[JURIST] A scheduled May 10 referendum [JURIST news archive] on a new constitution proposed by Myanmar's ruling junta is a "sham" designed to legitimize military rule, according to a report [text; press release] released Thursday by Human Rights Watch (HRW) [advocacy website]. HRW criticized the military government for arresting opposition activists and repressing media coverage in the lead-up to the referendum, saying:
The environment in Burma prior to the referendum has been one of continuing intimidation of the political opposition and general populace, denial of basic freedoms of expression, association, and assembly, and arbitrary arrests and detention. Under such widespread repression and a pervasive climate of fear, no free and fair referendum can take place in Burma.Opposition groups such as the National League for Democracy (NLD) led by Aung San Suu Kyi [JURIST news archive] have urged citizens to reject [JURIST report] the proposed constitution put forth by the military government, themselves labeling the referendum a "sham". In April, UN Special Rapporteur on Myanmar Paulo Sergio Pinheiro [official profile] told Reuters in an interview that Myanmar is completely ill-prepared to hold a national constitutional referendum [JURIST report] as part of a democratic political transition. AFP has more.

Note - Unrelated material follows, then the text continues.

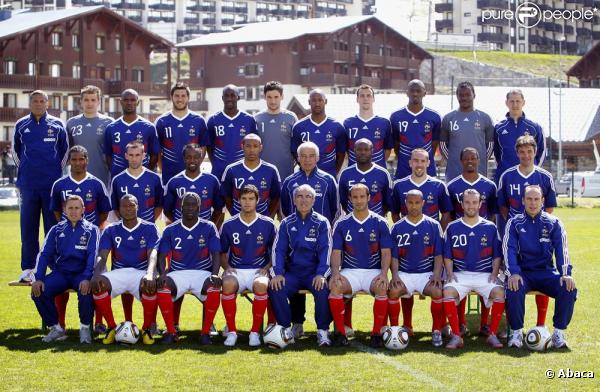 Le maillot des Bleus ne fait plus rêver ni vendre, même en temps de soldes... Au rayon braderie, les explications de Raymond Domenech devant les députés valent leur pesant de cacahuètes...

Since the military crackdown on monks and pro-democracy protesters in August-September 2007, foreign governments and intergovernmental bodies have responded in varying ways. International criticism may be partly responsible for the referendum being announced, in February 2008, but it will not ensure that the vote is conducted freely. Concerted public pressure and targeted sanctions by the military governments international supporters as well as its detractors is needed if there is to be any hope that real democratic progress, rather than further constitutional travesties, can be achieved.
In March, AP reported that the draft constitution reserves 25 percent of parliamentary seats for the military [JURIST report] and would also block pro-democracy leader Suu Kyi from seeking office. It is unclear whether the ruling junta will allow international observers of the referendum as requested by the opposition.